Newt Gingrich faces some do-or-die primary contests in Dixie, his supposed home turf, over the next few days. Alabama and Mississippi hold their respective Republican primaries on Tuesday with Gingrich, the former U.S. House Speaker, and former Senator Rick Santorum expected to compete for, and potentially split, the conservative/evangelical vote.
Gingrich, though, didn’t do that well on his actual home turf – Georgia – during the Super Tuesday contests. Sure, the former history and geography professor at the University of West Georgia and 20-year representative of the state’s 6th Congressional district won 47.2 percent of the Republican vote in the Peachtree State.
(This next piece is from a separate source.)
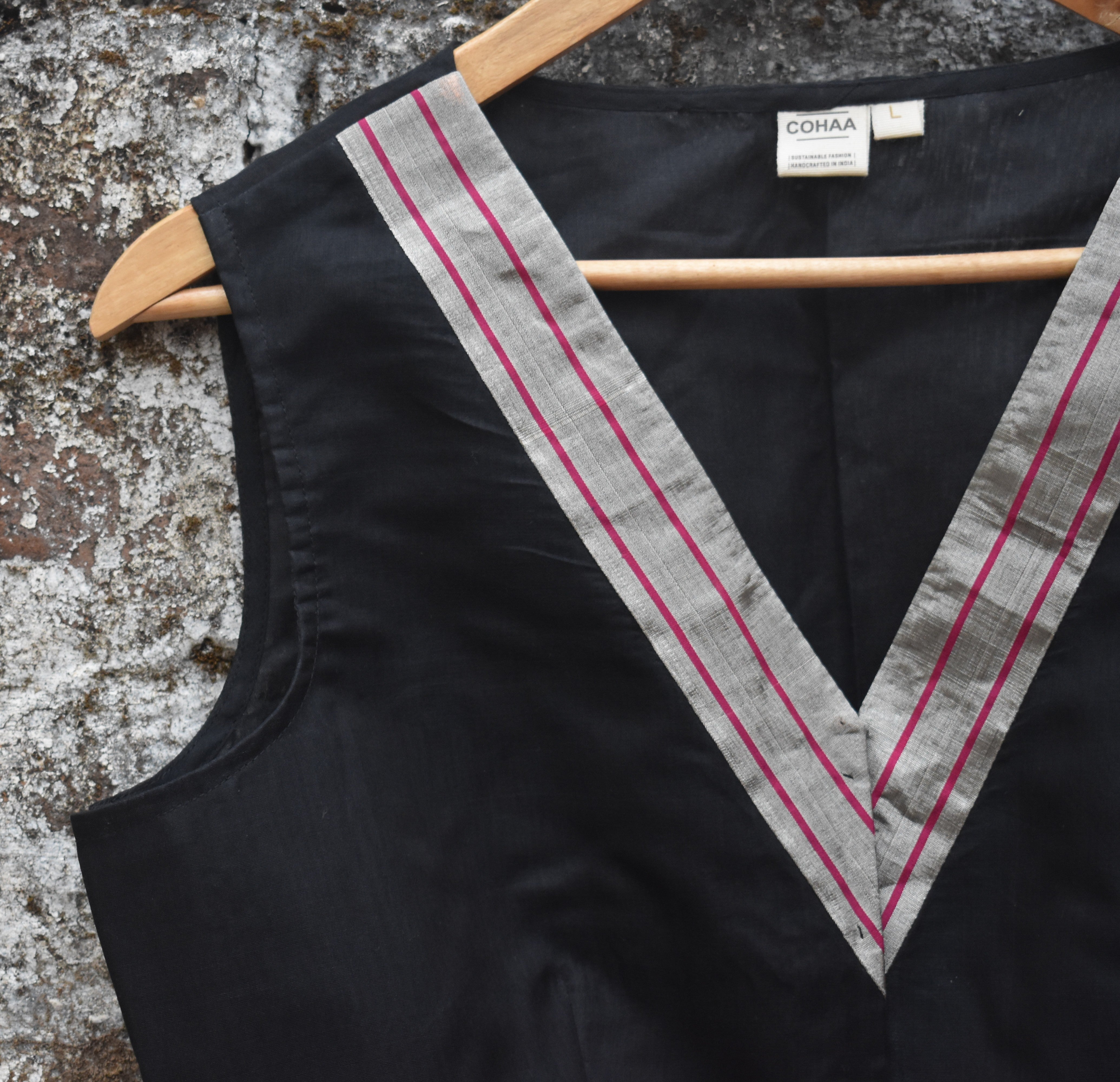 Black Chanderi Blouse
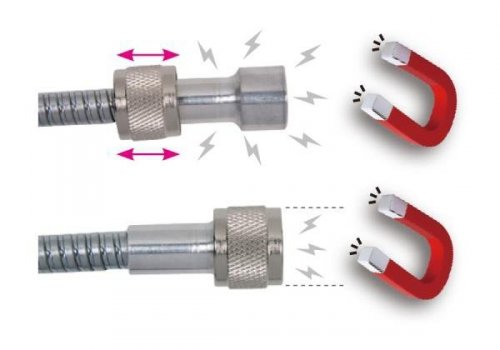 CHWYTAK GIĘTKI Z KOŃCÓWKĄ MAGNETYCZNĄ 381mm, średnica końcówki 18mm, udźwig 3KG King Tony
But according to political scientist Eric Ostermeier, that was one of the worst home-state primary performances by a Republican in decades.
Ostermeier, from the Humphrey School’s Center for the Study of Politics and Governance at the University of Minnesota, writes the blog Smart Politics, which plumbs the political data for noteworthy facts and trends.
“Gingrich – who admittedly won Georgia on Super Tuesday by a comfortable margin of 21.3 points over Mitt Romney – fared quite poorly when stacked up against the record of most Republican White House hopefuls over the last 11 cycles,” Ostermeier wrote. The only candidate to do worse than Gingrich in a home-state primary was television evangelist Pat Robertson, who pulled just 15.3 percent of the vote in Virginia in 1988.
Gingrich tied with John McCain, who also won 47.2 percent of the vote in his home-state Arizona primary in 2008, narrowly beating Romney and, of course, kicking on to win his party’s nomination.